Para Belintane, é necessário discutir a falta de ensino de técnicas caligráficas antes de refletir sobre qual tipo de letra é melhor. Se a criança achar que escrever é penoso, isso pode levá-la a não desenvolver raciocínios mais longos por preguiça. “Sinto que o uso do teclado e tela touchscreen vem deteriorando minha habilidade motora. Quando tenho de elaborar um manuscrito mais longo, sinto dificuldade. Mas supero com algum esforço”, relata.
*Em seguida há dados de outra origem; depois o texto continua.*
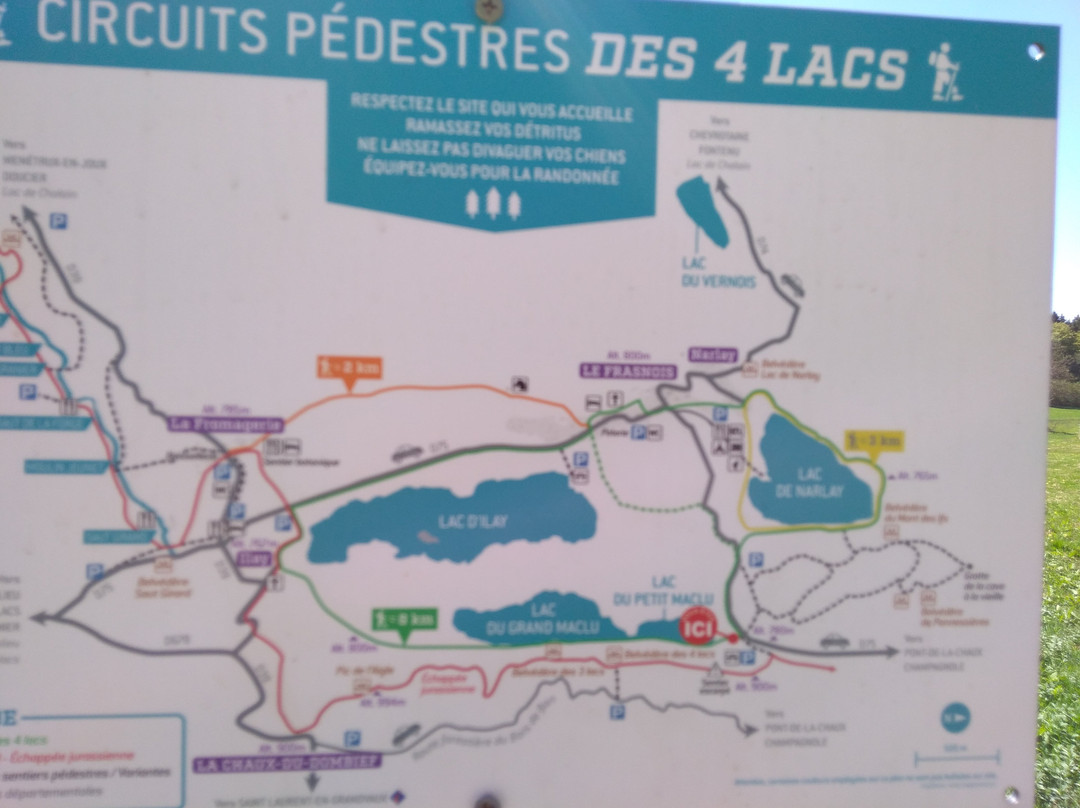 Lac de Narlay-Le Frasnois必去景点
No Japão e no Líbano, a caligrafia é uma prática em extinção, vinculada à arte
Mudança tecnológica
Belintane afirma que não existem dados conclusivos sobre perdas de habilidades ligadas exclusivamente à escrita cursiva. “Essa suposição pressupõe uma concepção enrijecida do cérebro. Se a criança usar tablet, ou mesmo teclado, acredito que, com o tempo, haverá compensações. Outras áreas serão ativadas e novas habilidades surgirão”, explica. Talvez ainda seja cedo demais para dizer o que acontecerá com as habilidades motoras com o possível fim da prática da escrita. Vale lembrar que a caneta e o papel já foram tecnologias novas e que muitas máquinas que usamos hoje em dia facilitam nossa vida sem destituir habilidades. O automóvel não paralisou as pessoas.
Em relação à educação, não é possível concluir sobre facilidades ou dificuldades no aprendizado, uma vez que digitar com fluência, desvinculando o olhar da ação das mãos para o monitor, também exige coordenação motora. Tanto na escrita com lápis quanto no teclado a criança precisará adquirir a necessidade primária de compreender as associações entre grafema e fonema da língua.
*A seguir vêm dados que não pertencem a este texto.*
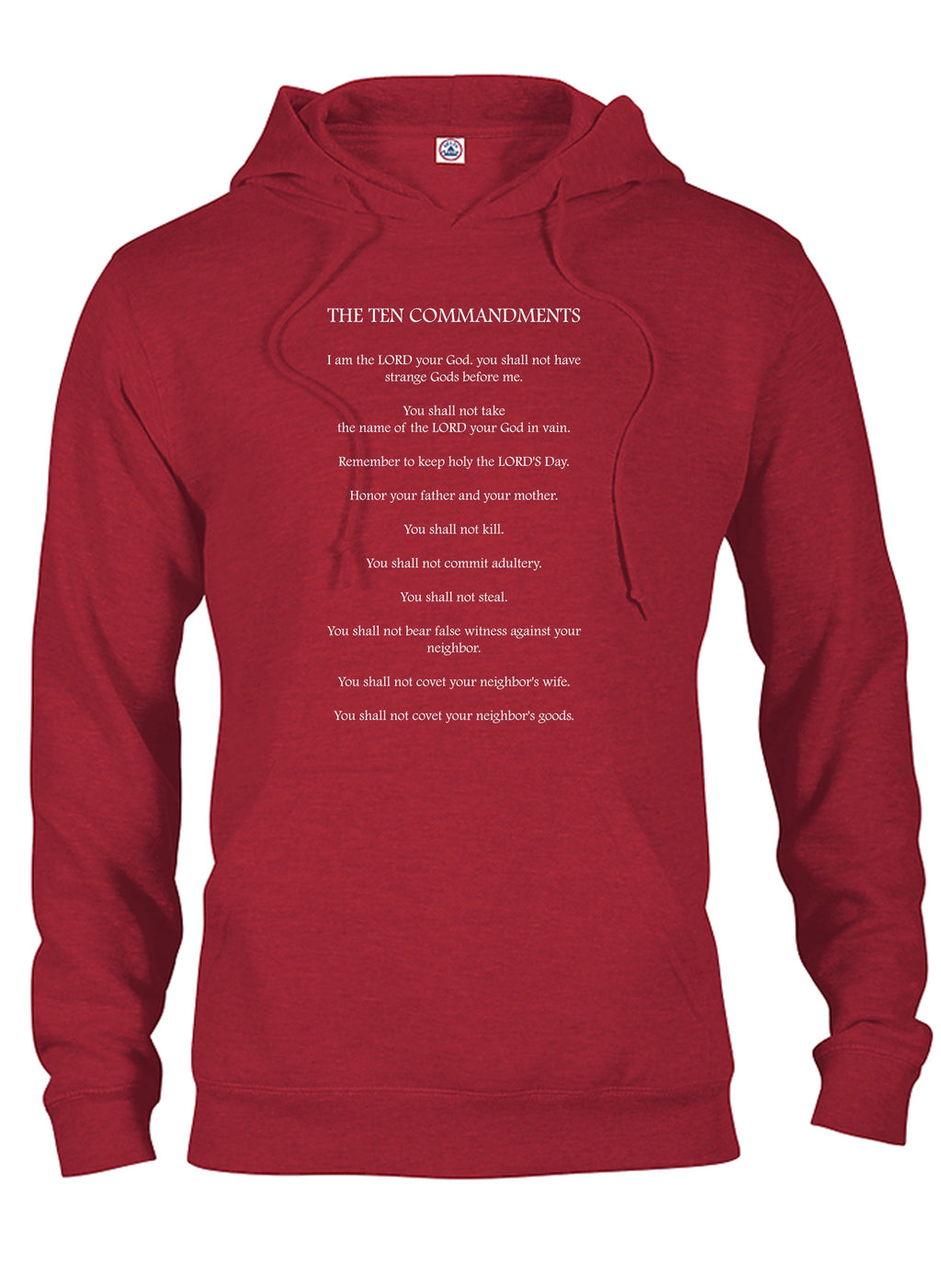 The Ten Commandments T-Shirt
“Uma senhora de 56 anos, faxineira, que cursava educação de jovens e adultos, contou que pegava receitas culinárias na internet com a ajuda da patroa e transcrevia em um caderno à mão. Perguntei se era para treinar a escrita e ela contou que queria deixar o caderno de lembrança para suas netas. Disse que não podia comunicar sentimentos com a letra de computador”.
Marcelo Buzato, Instituto de Estudos da Linguagem, Unicamp
A mudança de tecnologia da escrita tem repercussões sociais, culturais e cognitivas. Por exemplo, a afetividade de uma carta manuscrita não pode ser transposta para meio eletrônico. No entanto, Buzato diz que o uso de emoticons tem se tornado símbolo de afetividade entre os usuários eletrônicos. A caligrafia, por outro lado, está cada vez mais vinculada à arte, como em convites de eventos. No Japão, pouco se ensina escrever as letras do alfabeto ocidental com lápis e papel. No ensino de línguas estrangeiras, prevalece o computador. No Líbano, os calígrafos do alfabeto árabe também são raros.
No Brasil, a alfabetização ainda se dá com lápis e papel, embora não exista treino motor para promover uma caligrafia clara como havia no século passado. Ainda assim, Buzato nota que muitos jovens têm retomado a escrita cursiva para enviar cartas em papel pelo correio e manter diários em cadernos e scrapbooks. A escrita cursiva também migra de suporte. Tablets e celulares reconhecem a escrita à mão e muitos tatuam manuscritos. “Acho mais fácil esse tipo de escrita se deslocar e se reespecializar em outros espaços do que sumir”, reflete Buzato.